Vest, a junior at the University of Iowa, is part of Blue Mangoes, a social enterprise that works with rural communities to create dehydrators for small-scale mango farmers to produce dried fruit before exporting and selling the product in the U.S.

CEO and founder Joshua Shefner started Blue Mangoes after a project during his freshman year of college.

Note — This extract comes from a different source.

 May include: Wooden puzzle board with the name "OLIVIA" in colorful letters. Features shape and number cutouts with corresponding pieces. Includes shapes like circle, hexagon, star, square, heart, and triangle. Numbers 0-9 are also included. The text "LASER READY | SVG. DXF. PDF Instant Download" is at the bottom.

Vest began working with Blue Mangoes after receiving a LinkedIn request from Shefner.

Shefner said he was looking to hire employees in May 2018, and Vest’s major in international relations sparked his interest.

“I’ve always loved international-relations studies,” he said. “I have a really good feeling for what the major is like and what the curriculum is.”

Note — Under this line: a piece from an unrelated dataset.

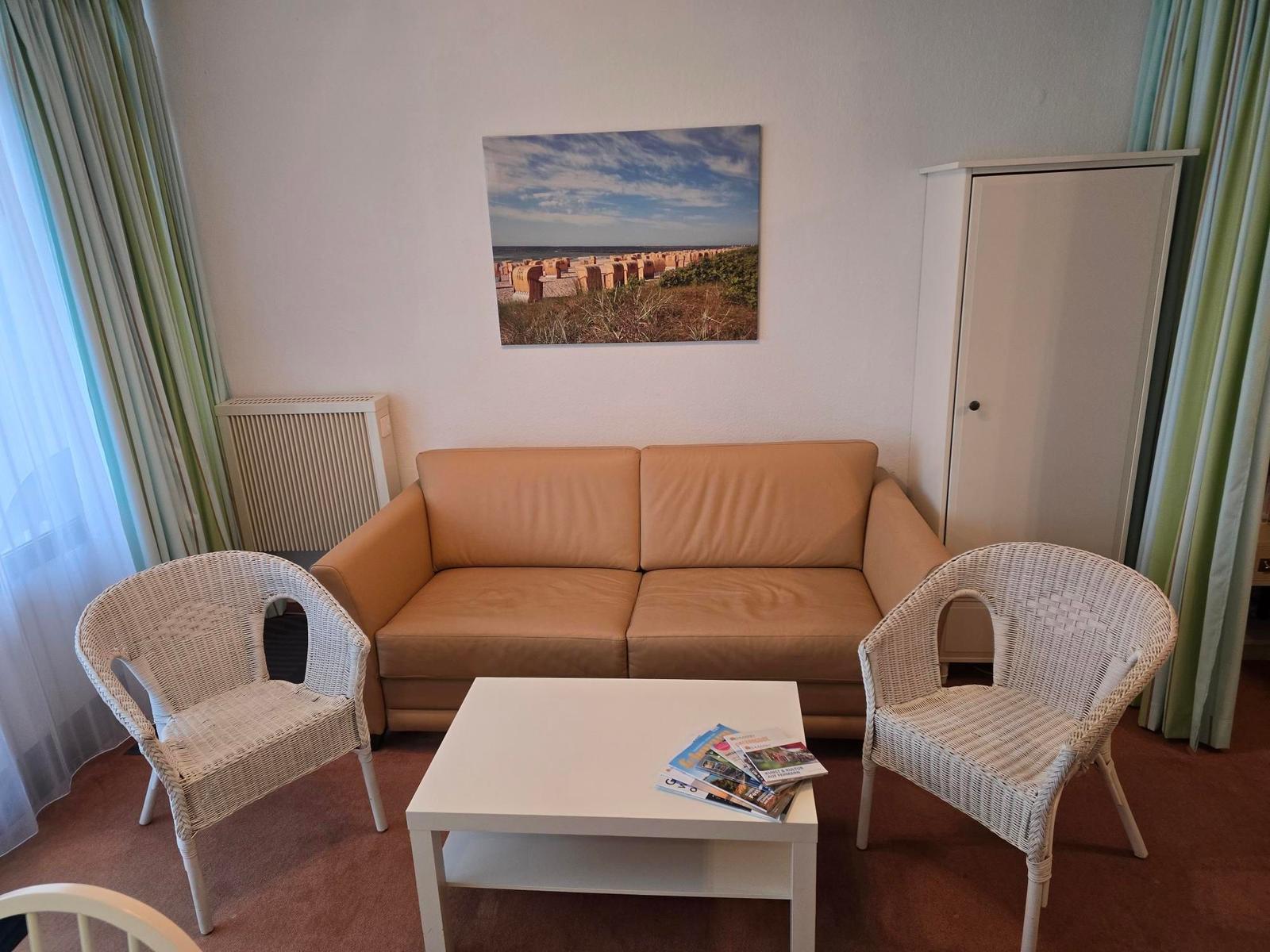 Ein Wohnzimmer mit Sofa, zwei Stühlen und Tisch. Wandbild und Gardinen sind sichtbar.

Hesitant about the offer at first, Vest said, he took a chance on the project and grew to love it.

“I was just kind of doing it to do it at first,” Vest said. “And then once I really got going, that’s when I [realized] I love doing this … because I realized that we have the opportunity to help people.”

The experience that helped him realize his passion for the project was a trip to Uganda in November 2018, Vest said.

“That was when I was like, ‘This is exactly what I want,’ ” he said.

After a grueling flight and a 10-hour bus ride to a rural village in northern Uganda, Vest and other Blue Mangoes employees helped the local farmers build fruit dehydrators and taught them how to build and maintain them.

Giving the farmers the skills to build their own dehydrators is one of the vital pieces of Blue Mangoes’ mission, Vest said.

“Even if they don’t use it with us, say our business fails, they can still use the tools that we taught them to better themselves,” Vest said.

Blue Mangoes also focuses its efforts on training women to use the machines, Shefner said.

“When women control their own incomes in communities, there’s a bunch of research that shows more money goes to children,” Shefner said. “Life expectancy of children improves.”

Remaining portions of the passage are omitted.